2 pointsby devincrane6 hours ago2 comments
  • devincrane6 hours ago
    Running 9 agents right now. Five doing outreach, filtering, and content. Four helping with dev and scoping dev.

    The problem is you can’t realistically review everything they do. But letting them run completely unchecked means you only find out something went wrong after it already happened. We’ve already seen things like agents looping API calls overnight or rewriting working code because they misunderstood context, and costs can be pretty wild.

    Most existing tools assume workflows are deterministic: if this happens, do that. That works for automation tools like Zapier or n8n. Agents don’t behave that way. They explore a space of possible actions.

    Hard coding constraints solves some problems but it also caps what increasingly capable models can do.

    What felt missing was a layer between the agent deciding something and the action actually executing. Not logs. Not a giant dashboard. A checkpoint where a human gets involved only when something consequential is about to happen.

    We’ve been experimenting with this idea and built a prototype we’re calling an “agent control plane.” The system fires a trust gate before certain actions execute so a person can approve them.

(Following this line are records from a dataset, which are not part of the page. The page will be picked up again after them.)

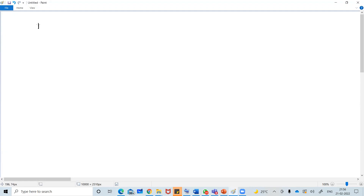Let's begin with the portal system. Before we begin, we will first discuss what is portal way, what is portal system and where they are located, then we will discuss the different types of portal system present in our human body.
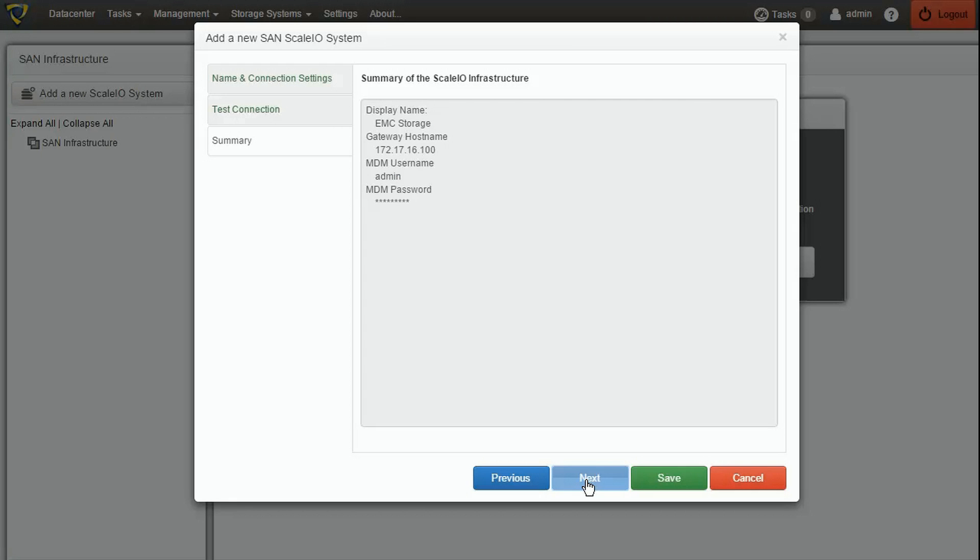Finally, we can see a summary of the Scale I.O. System we are about to add, and we can finish the procedure by selecting Save.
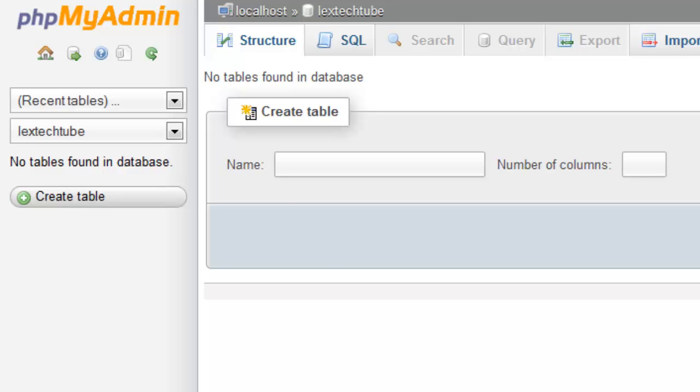Welcome back to LexTechTube. Today I'm going to show you how to make a very simple PHP hit counter. We're going to do this with a MySQL database.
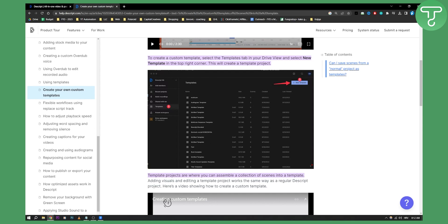So that's how easy it is to make your own templates in Descript. If you have any questions or comments you can comment down below and we'll see you in the next video. Thank you guys for watching.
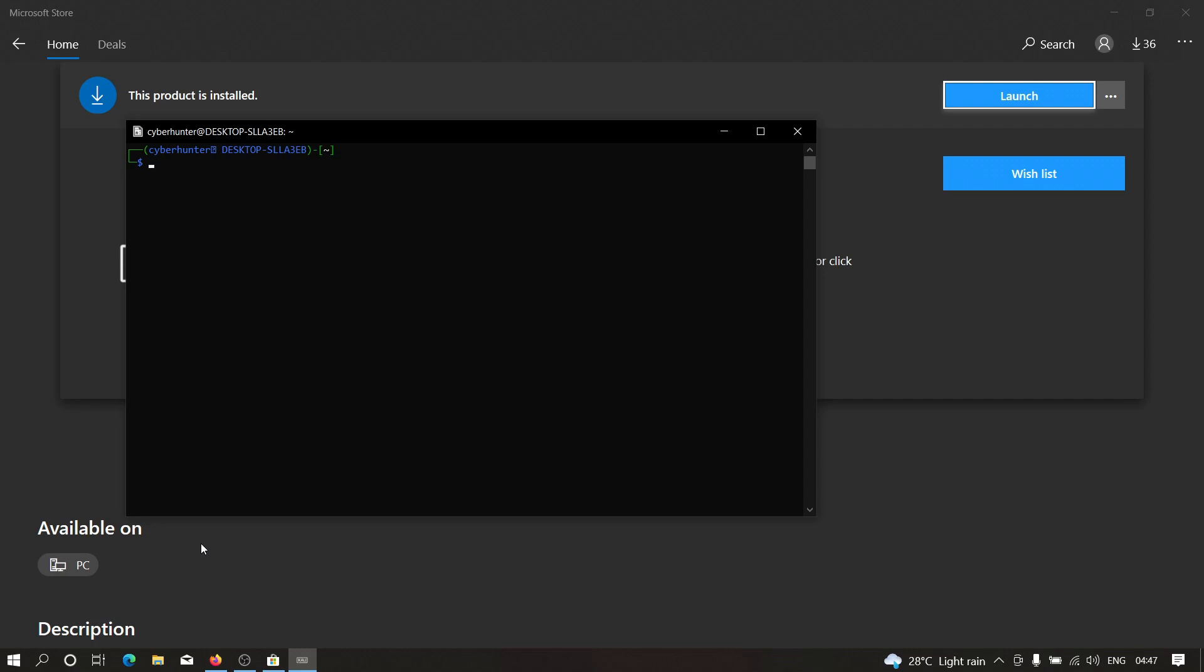So it was pretty simple to install this Kali Linux on the Windows machine. So if you have any doubts, if you have any issues, then please let me know in the comment section. Thanks for watching.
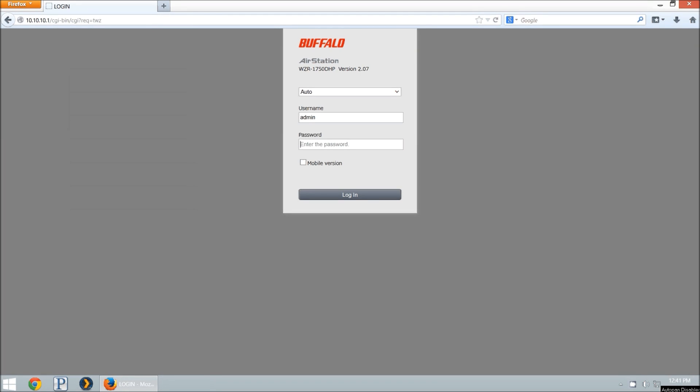We're going to look at the Buffalo Air Station VPN PPTP configuration for the WZR 1750 DHP and the 1166 DHP.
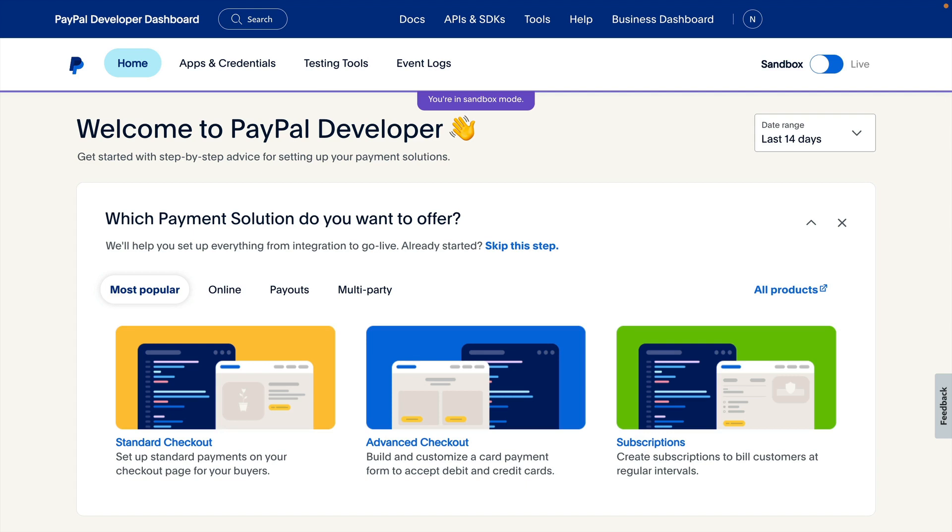Hi, my name is Nekima Prophet. I'm a developer advocate at PayPal. In this video, I'll walk through a standard integration by following the steps in the onboarding banner found on the developer dashboard.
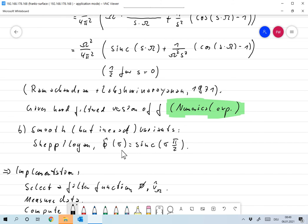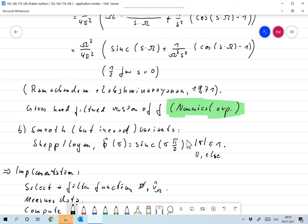To get rid of that we use smooth transition functions, and everything you can think of has actually been proposed here. One is the filter by Shepp and Logan, which proposes that phi hat of sigma is chosen as sinc(sigma · π / 2) for |sigma| < 1 and zero otherwise. For all of these choices you can compute the corresponding V_omega like we did above.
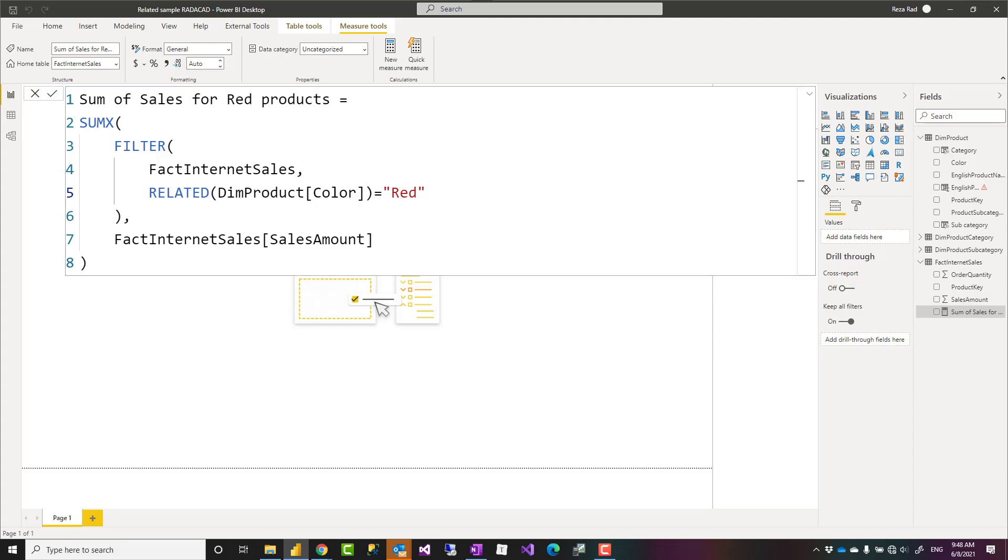Hello, this is Rezo Rad from Radacad. In this video I'm going to talk about a very useful but simple function in DAX called related. How you can use it in Power BI to get a value from a field in another table within your calculation. Let's see how it works.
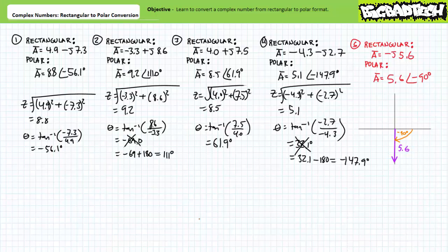That's about enough for today. We'll examine converting from polar to rectangular, more math functions with complex numbers, and the use of scientific calculators in later lectures. In conclusion, this lecture presented the means of converting complex numbers expressed in rectangular format into an equivalent complex number expressed in polar format.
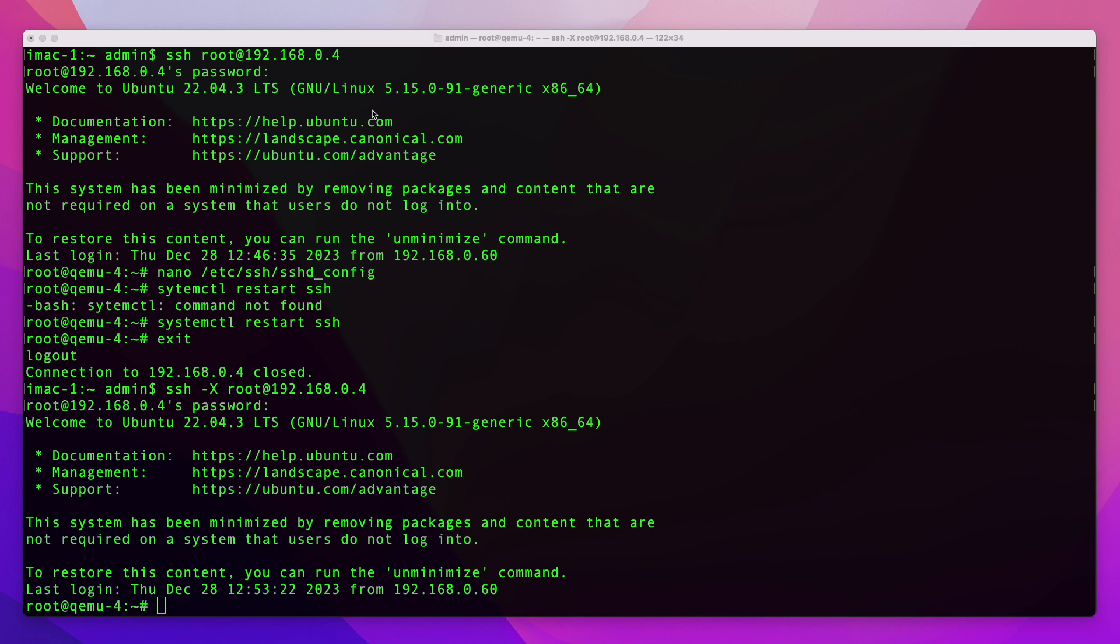For example, what I'm using this for on this server is I'm running QEMU on this server, and instead of using command line and using virt to manage my virtual machines, I'm using virt-manager and I'm using it from my Mac graphically to manage my machines.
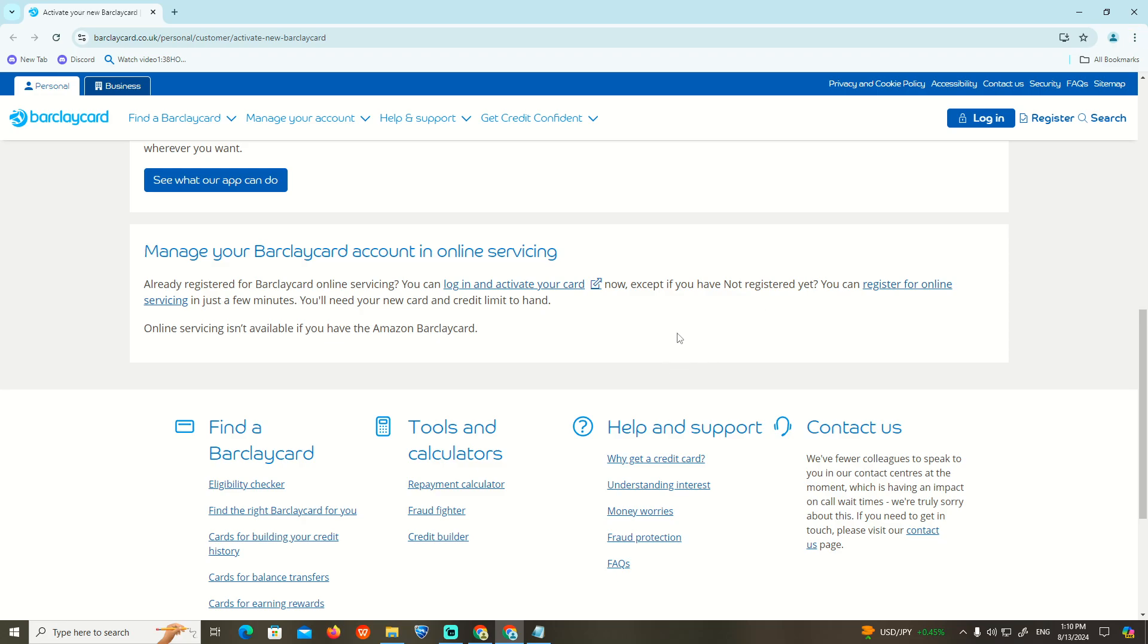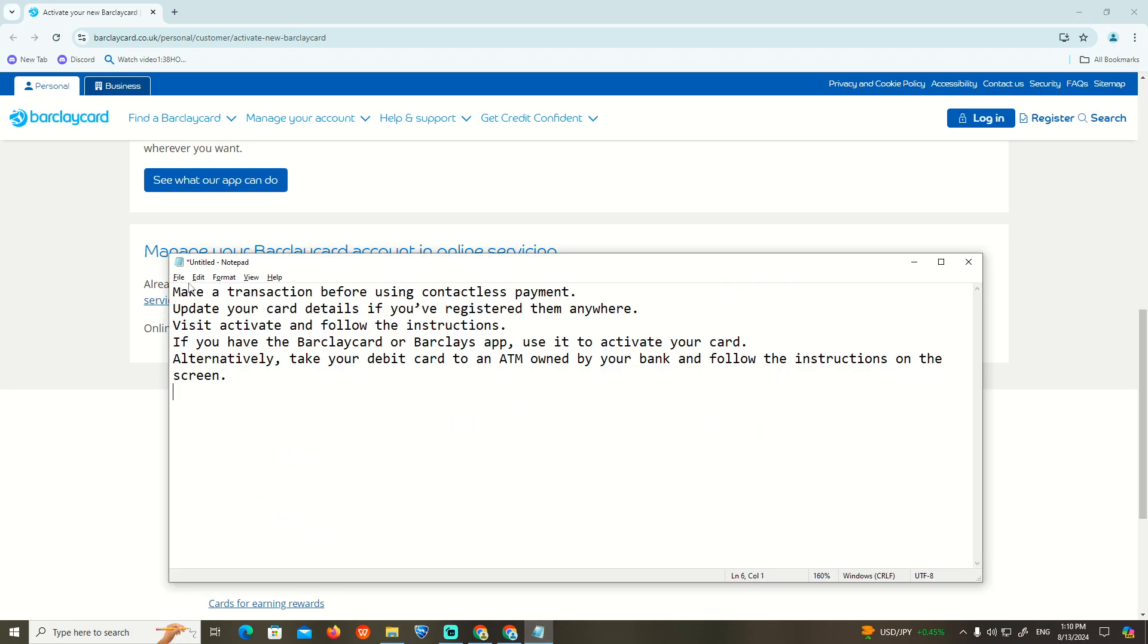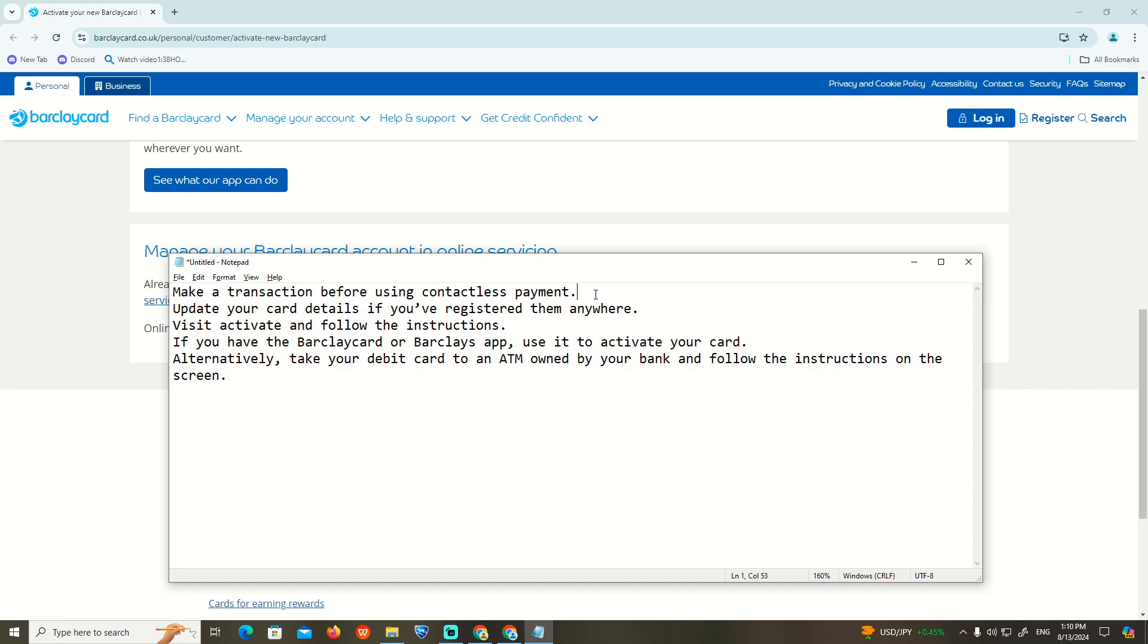First of all, as you can see, we have to make a transaction before using contactless payment. You can start to update your card details if you have registered them anywhere.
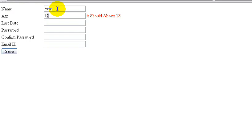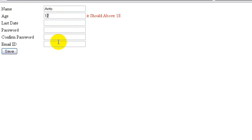So now we have two controls: Required Field Validator and Range Validator. In the next video, we will cover date validation, password validation, and email ID validation. This tutorial is about 12 to 13 minutes. Thank you for watching.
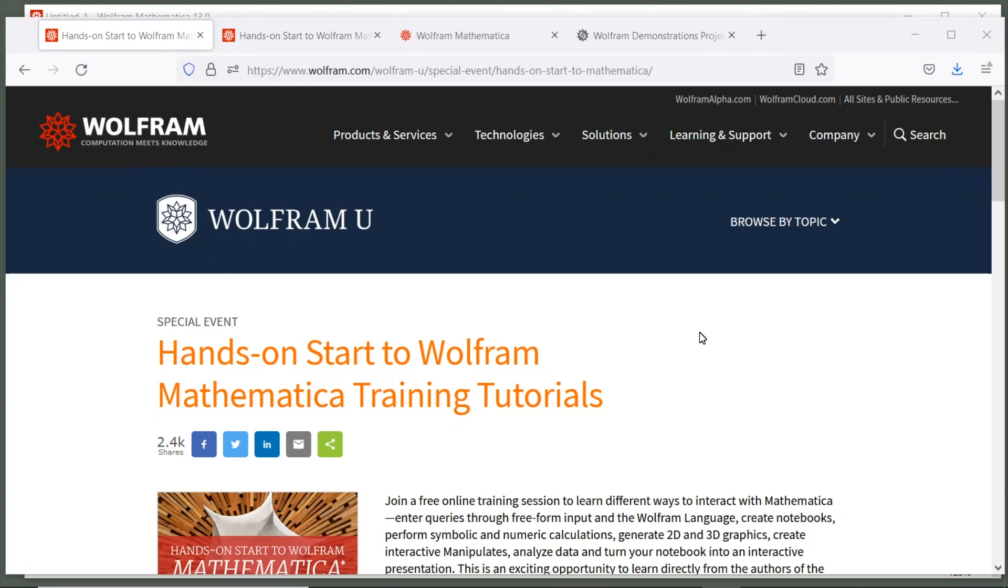Hi, my name is Cliff Hastings, the co-author of the Hands-On Start to Mathematica book. If you're starting your journey with Mathematica, this short video will teach you the fundamentals, including how to create your first notebook, enter your first calculations, and generate graphics.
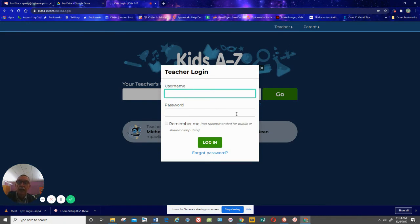That allows you to get into your actual class, and you can add your students and manage everything. I hope that explains everything. Thank you.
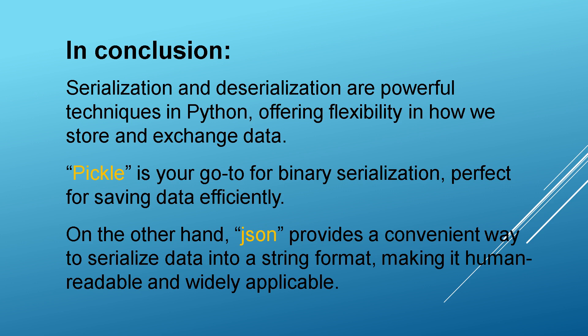Thank you for joining us on this journey through serialization and deserialization in Python. Happy coding!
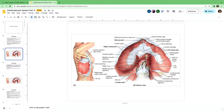Another opening is the esophageal hiatus, located in the right crus of the diaphragm at the level of T10. It transmits the anterior and posterior vagal trunks, the esophageal branches of the left gastric vessels, and some lymphatics. The major opening is the aortic hiatus, which passes the descending aorta. Unlike the other hiatuses, it doesn't pierce the diaphragm — movement of the diaphragm does not affect blood flow in the aorta. The aortic hiatus also transmits the thoracic duct, and sometimes the azygos and hemiazygos veins.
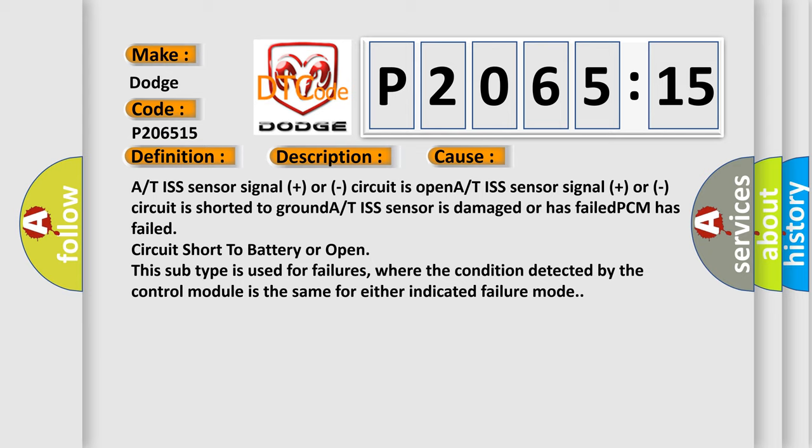This subtype is used for failures where the condition detected by the control module is the same for either indicated failure mode.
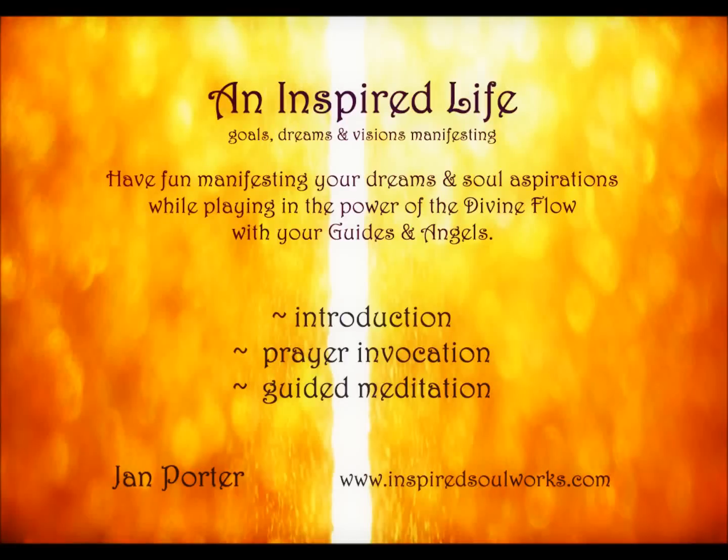Good day to you. I am Jan Porter, author and workshop facilitator.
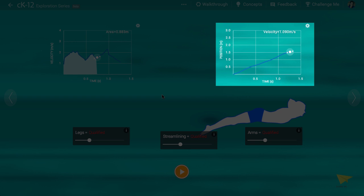The slope of this graph should represent the velocity of the swimmer. After all, the vertical axis represents position, and the horizontal axis represents time, so the slope would be equal to its change in position divided by change in time. In other words, the velocity.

    Curious if others running agents in production are seeing the same issue — or solving it differently.

  • devincrane6 hours ago
    For context, this came out of building a small tool called runshift to experiment with the idea of an "agent control plane."

    The core idea is that agents can operate freely most of the time, but certain actions trigger a trust gate where a human decides whether to proceed.

    Still early but curious how others are handling this problem.